Writing a large build system with GNU make

By David Röthlisberger. Comments welcome at david@rothlis.net.

Published 24 Jun 2013. This article is Creative Commons licensed.

This is a summary of techniques for implementing a large build system, written in plain GNU make, for a Unix-based C or C++ codebase. By “large” I mean a build system that coordinates the building of many different “projects” or “modules”; this is sometimes called a “meta build system”.

Provide the standard targets

all (and make it the default target)
check
clean
install

See “Standard Targets for Users” in the GNU make manual.

There is also the dist target to package up your source code for distribution. Even if you don’t want to distribute your source code, this can be useful if you want to make binary packages using RPM or similar packaging systems, which usually take a source tarball as their input.

Standard environment variables

Recipes that compile C or C++ code must obey the environment (or make) variables CC, CXX, CPPFLAGS, CFLAGS, CXXFLAGS. Recipes that invoke the linker must obey LDFLAGS. These variables are for the user to customise. See “Variables Used by Implicit Rules” in the GNU make manual, and “Variables for Specifying Commands” in the GNU Coding Standards.

Why bother?
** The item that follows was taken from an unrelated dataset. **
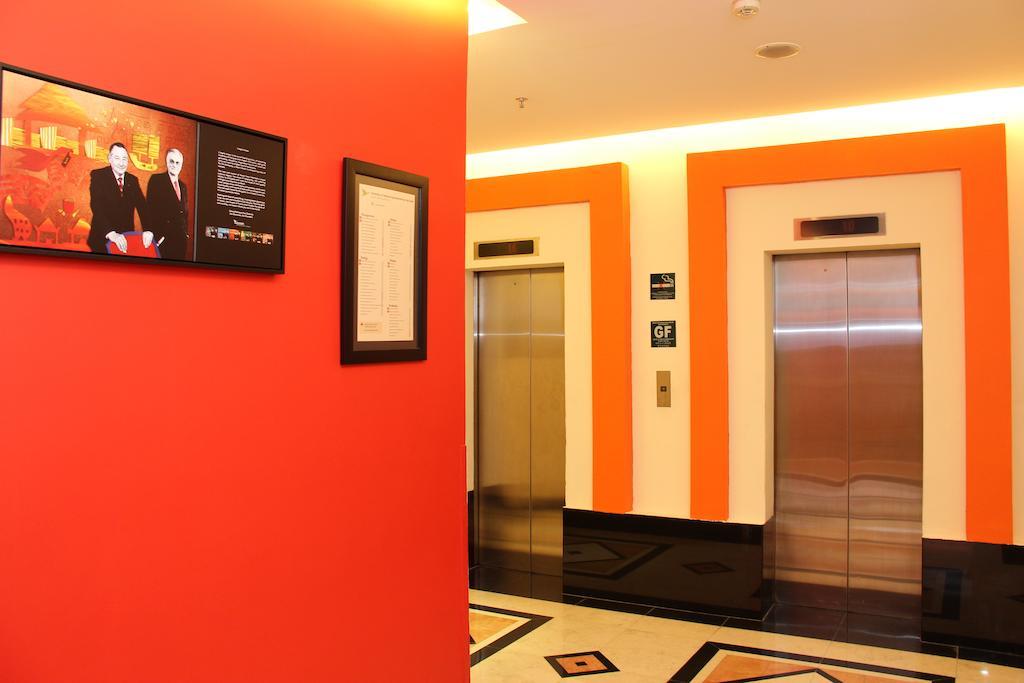 Ibis Mangga Dua Jacarta Exterior foto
This makes it trivial for a developer to use tools like distcc or colorgcc, or to experiment with different compiler options or even a different compiler like clang or its static analysis tools.

The install recipe must obey the environment (or make) variables prefix and DESTDIR. This allows developers to control where they install the built binaries on their own systems, and to package them with RPM and the like.

Fine-grained dependencies

Use “non-recursive make” so that a single make process can have a global, fine-grained view of dependencies across all of the “projects” or “modules” in your codebase. For example, if you change a shared library’s .cpp file you want make to re-compile the corresponding .o file and re-link the .so, but you don’t want make to rebuild other programs and libraries that use that library — unless that library’s interface (i.e. a header file) changes.

The technique is described in Peter Miller’s 1997 paper “Recursive Make Considered Harmful”. See also Emile van Bergen’s implementation notes.

You can often simplify Emile’s technique, if each of your sub-projects has approximately the same layout, by using static pattern rules and templates in the root makefile to eliminate boilerplate from the sub-project makefile fragments.

This might seem like a lot of hassle, but note that automake doesn’t solve this problem for you either; “recursive automake” suffers from the same problems as “recursive make”, and there is far less information available about how to write a non-recursive autotools-based build system.

Neither Peter nor Emile address the issue of rebuilding a binary or shared library when a source file is removed; this is handled by the technique described below in the section “Clean output”.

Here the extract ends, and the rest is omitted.